### What the exercise asks
Please copy the lines below, exactly as they are, from the one with "2411 Laguna Circle North Miami FL 33181" through the one with "DEVAIR VAVC-5000 15", and leave out the pictures.

Captioned web image data:
────────────────────

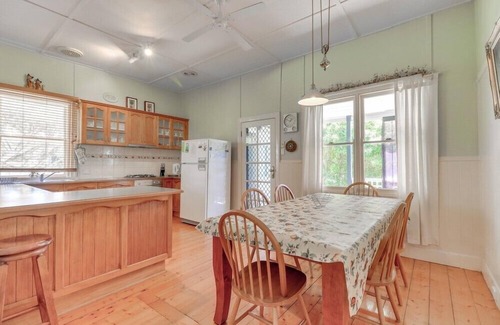 Lake Tyers Beach Casa | Beacon Cottage: una casa bien presentada de dos dormitorios con un acogedor refugio de bungalows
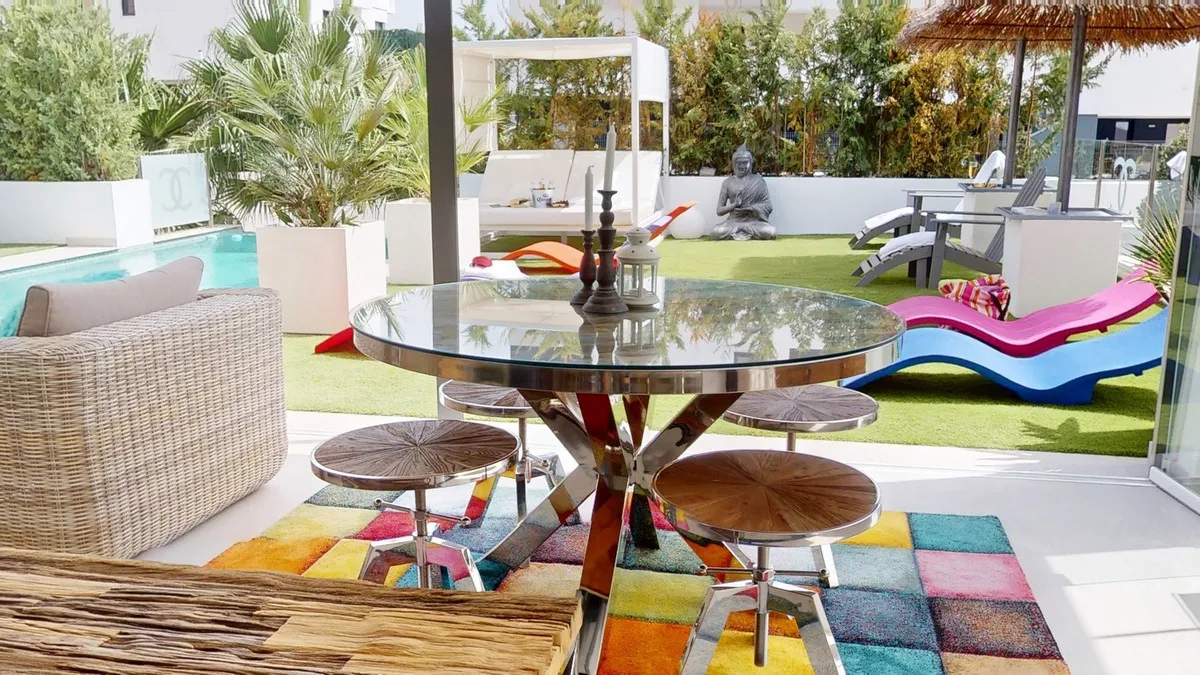 e53eaa02-2116-49f2-b724-88aaa3b91b3a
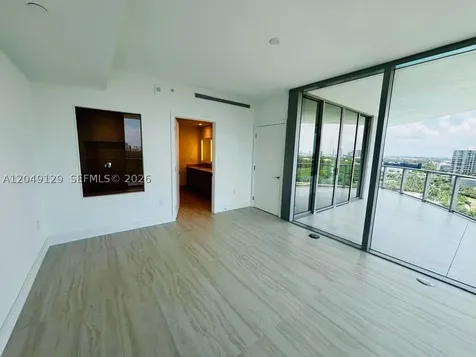 2411 Laguna Circle North Miami FL 33181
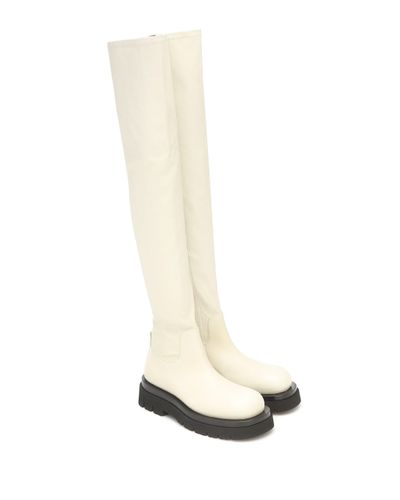 Bottega Veneta Overknee-Stiefel Lean aus Leder - Weiß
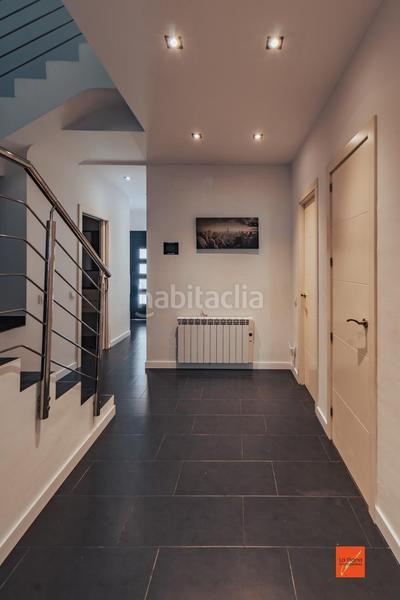 Foto c8f0251f-f1ea-426f-b6f3-c5bcec587388. Casa adossada amb calefacció aparcament a Sant Llatzer Tortosa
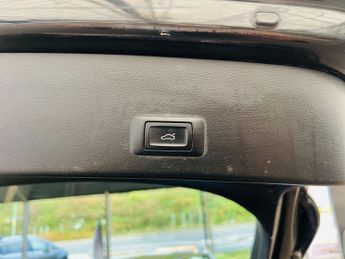 AUDI A6 3.0 A6 Allroad Sport TDI Quattro Semi-Auto 4WD 5dr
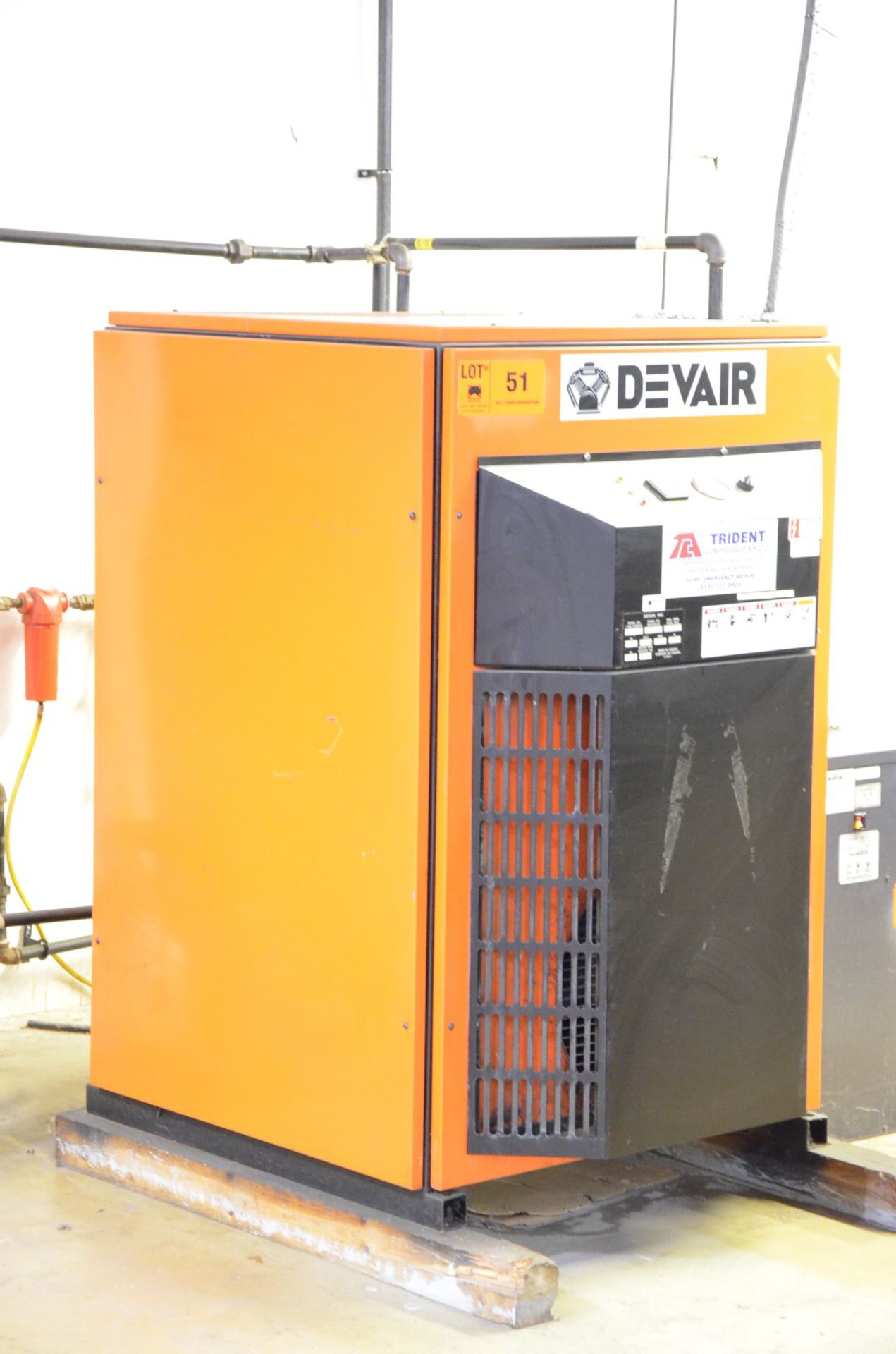 DEVAIR VAVC-5000 15 HP AIR COMPRESSOR WITH 175 MAX. PSI, 1760 RPM, 6,870 HOURS (RECORDED ON METER AT - Image 2 of 6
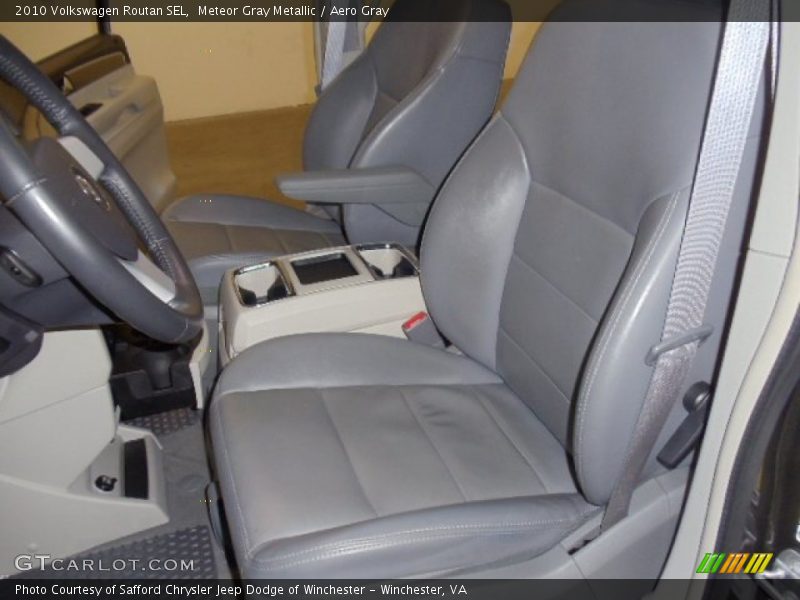 Meteor Gray Metallic / Aero Gray 2010 Volkswagen Routan SEL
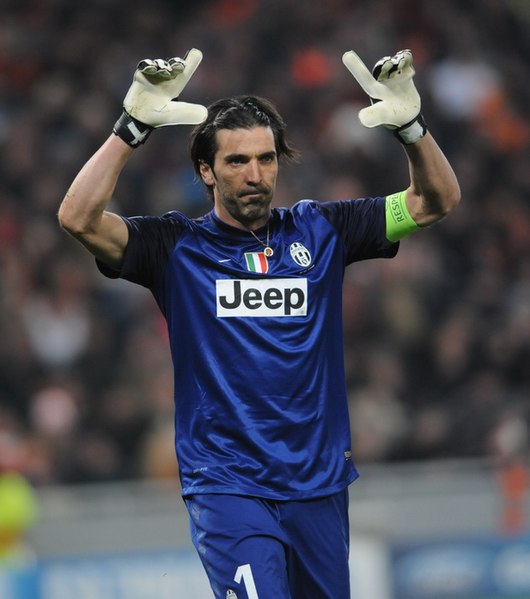 File:Super Gigi Buffon (Juventus) (2).jpg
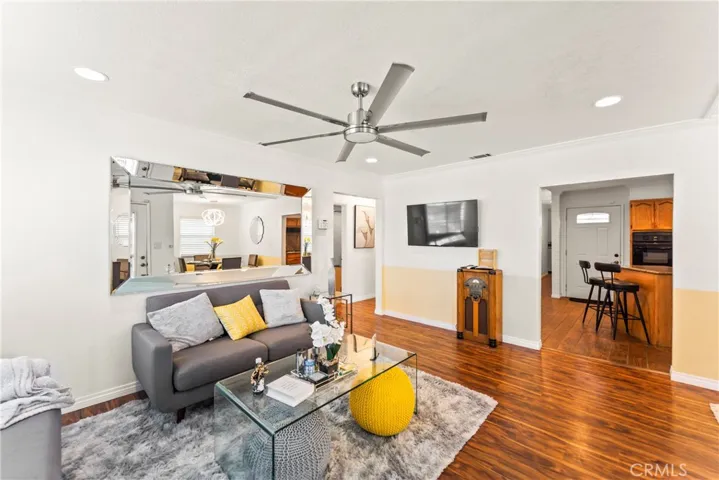 1209 E 124th Street, Los Angeles, California 90059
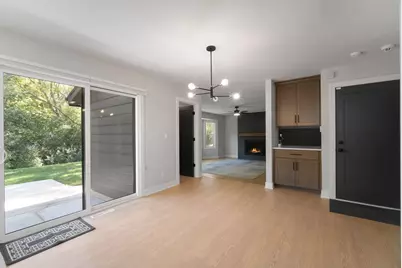 7942 S 66th St, Franklin, WI 53132 - Photo 16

────────────────────

### Written response
 2411 Laguna Circle North Miami FL 33181
 Bottega Veneta Overknee-Stiefel Lean aus Leder - Weiß
 Foto c8f0251f-f1ea-426f-b6f3-c5bcec587388. Casa adossada amb calefacció aparcament a Sant Llatzer Tortosa
 AUDI A6 3.0 A6 Allroad Sport TDI Quattro Semi-Auto 4WD 5dr
 DEVAIR VAVC-5000 15 HP AIR COMPRESSOR WITH 175 MAX. PSI, 1760 RPM, 6,870 HOURS (RECORDED ON METER AT - Image 2 of 6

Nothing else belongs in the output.